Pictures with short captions
* * * * * * * * *
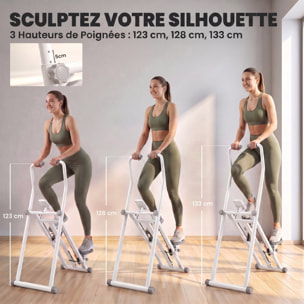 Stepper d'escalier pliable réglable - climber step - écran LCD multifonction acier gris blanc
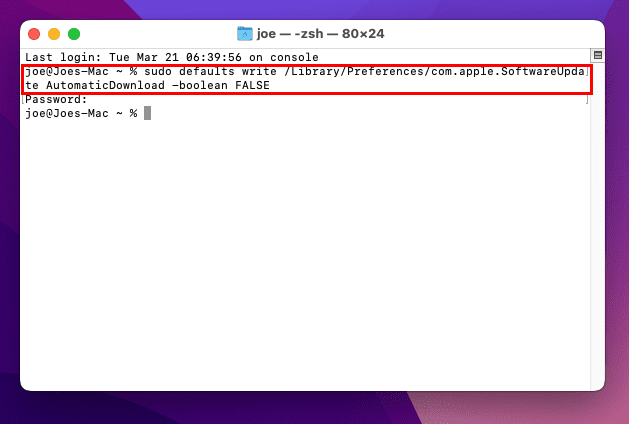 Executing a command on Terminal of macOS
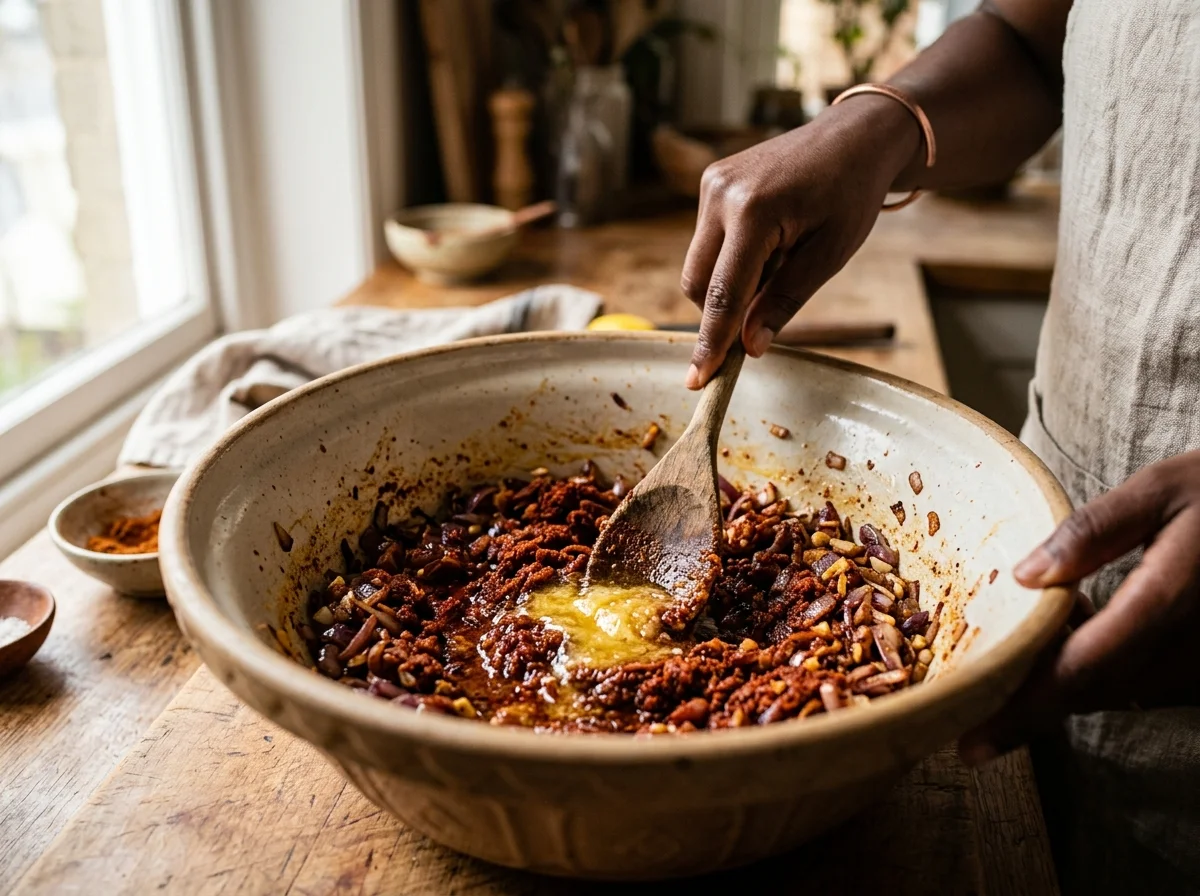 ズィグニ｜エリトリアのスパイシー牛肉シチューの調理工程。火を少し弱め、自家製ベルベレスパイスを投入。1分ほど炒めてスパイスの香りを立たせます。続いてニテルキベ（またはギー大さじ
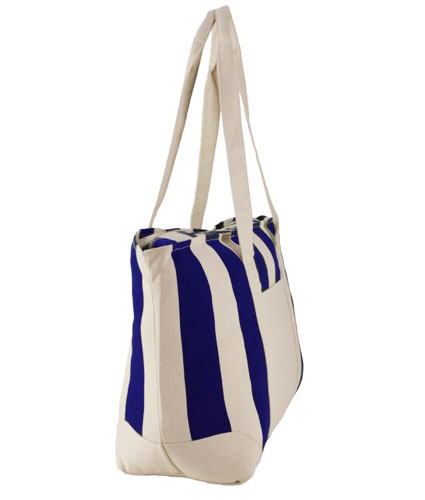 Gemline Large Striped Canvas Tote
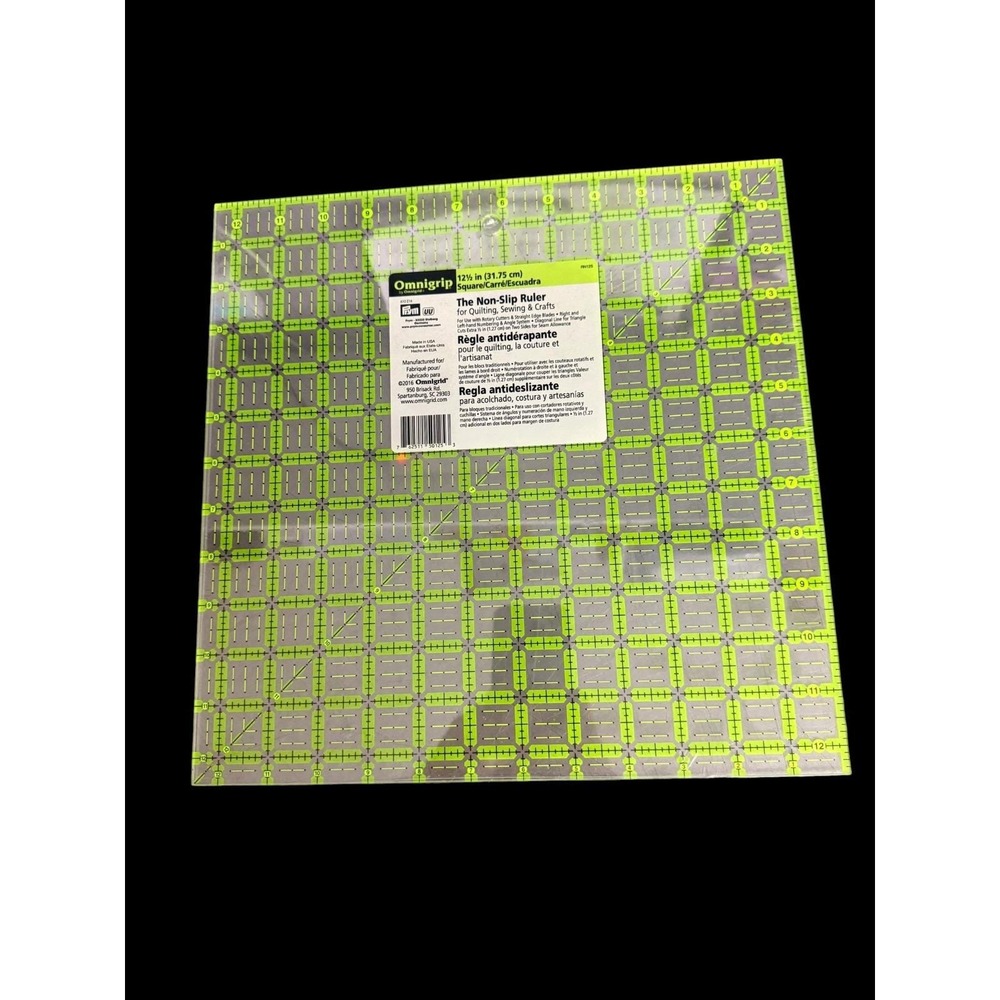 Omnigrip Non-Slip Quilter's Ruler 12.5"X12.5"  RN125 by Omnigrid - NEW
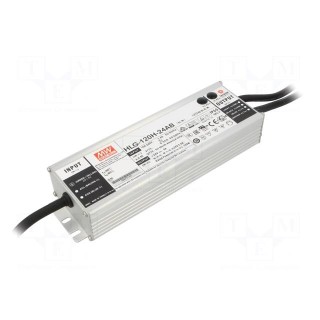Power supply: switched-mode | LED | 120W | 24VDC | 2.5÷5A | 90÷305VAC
* * * * * * * * *
#### YOUR TASK:
An exact copy of all the data above is required; omit any pictures.

#### TASK RESULT:
 Stepper d'escalier pliable réglable - climber step - écran LCD multifonction acier gris blanc
 Executing a command on Terminal of macOS
 ズィグニ｜エリトリアのスパイシー牛肉シチューの調理工程。火を少し弱め、自家製ベルベレスパイスを投入。1分ほど炒めてスパイスの香りを立たせます。続いてニテルキベ（またはギー大さじ
 Gemline Large Striped Canvas Tote
 Omnigrip Non-Slip Quilter's Ruler 12.5"X12.5"  RN125 by Omnigrid - NEW
Power supply: switched-mode | LED | 120W | 24VDC | 2.5÷5A | 90÷305VAC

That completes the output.